Der französische Künstler Jean Dubuffet hat in den 1940er Jahren den Begriff „Art Brut“ erfunden. Der Begriff bedeutet rohe Kunst und bezeichnet Kunst, die von ungeschulten Künstlern geschaffen wurde, die völlig außerhalb der Konventionen der traditionellen Kunst und Gesellschaft arbeiten. Stark beeinflusst von Büchern über Kunst, die von Patienten in Irrenanstalten produziert wurde, begann Dubuffet, Kunstwerke von institutionalisierten Geisteskranken, Gefangenen und anderen zu sammeln, deren Kunst von den Zwängen der Gesellschaft getrennt war. Dubuffet glaubte, dass in dieser rohen Kunst eine reine Kunstform existierte, die direkt aus den Tiefen der Psyche des Künstlers entsprang. Ende der 1940er Jahre arbeitete er mit anderen Künstlern zusammen, um eine Zusammenstellung von Beispielen zu erstellen, die zur „Collection de l’Art Brut“ werden sollte, die sich heute in Lausanne, Schweiz, befindet.

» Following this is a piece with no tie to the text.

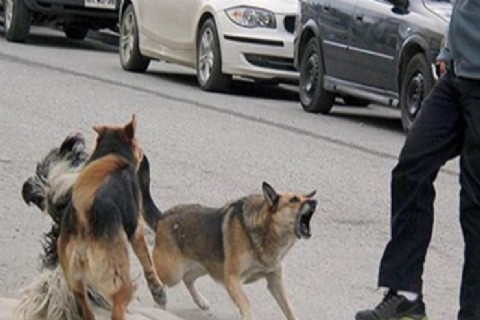 En Monte, "perro que muerde no muerde, y si muerde, que pague el dueño" dice el Municipio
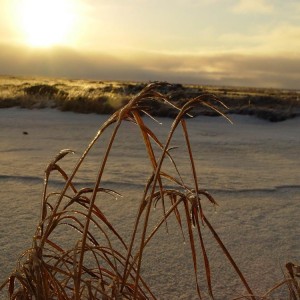 img_60267_8392.jpg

Von Dubuffet untersuchte und gesammelte Kunstwerke drückten die tiefsten Ängste und Träume von psychiatrischen Patienten und Gefangenen aus. Rohe Zeichnungen von Falschgeld, die auf Toilettenpapier erstellt und von der ins Krankenhaus eingelieferten Künstlerin verwendet wurden, um ihren Psychiater zu bezahlen, werfen tiefgreifende Fragen nach Symbolik und Ironie auf. Dieses Beispiel von Art Brut versinnbildlicht den individuellen Charakter und die treibende persönliche Notwendigkeit hinter der Entstehung dieser Werke. Die Konzepte von Vermarktbarkeit und Akzeptanz in der Kunstwelt, tägliche Anliegen der Mainstream-Künstler, existieren für die Macher von Art Brut einfach nicht.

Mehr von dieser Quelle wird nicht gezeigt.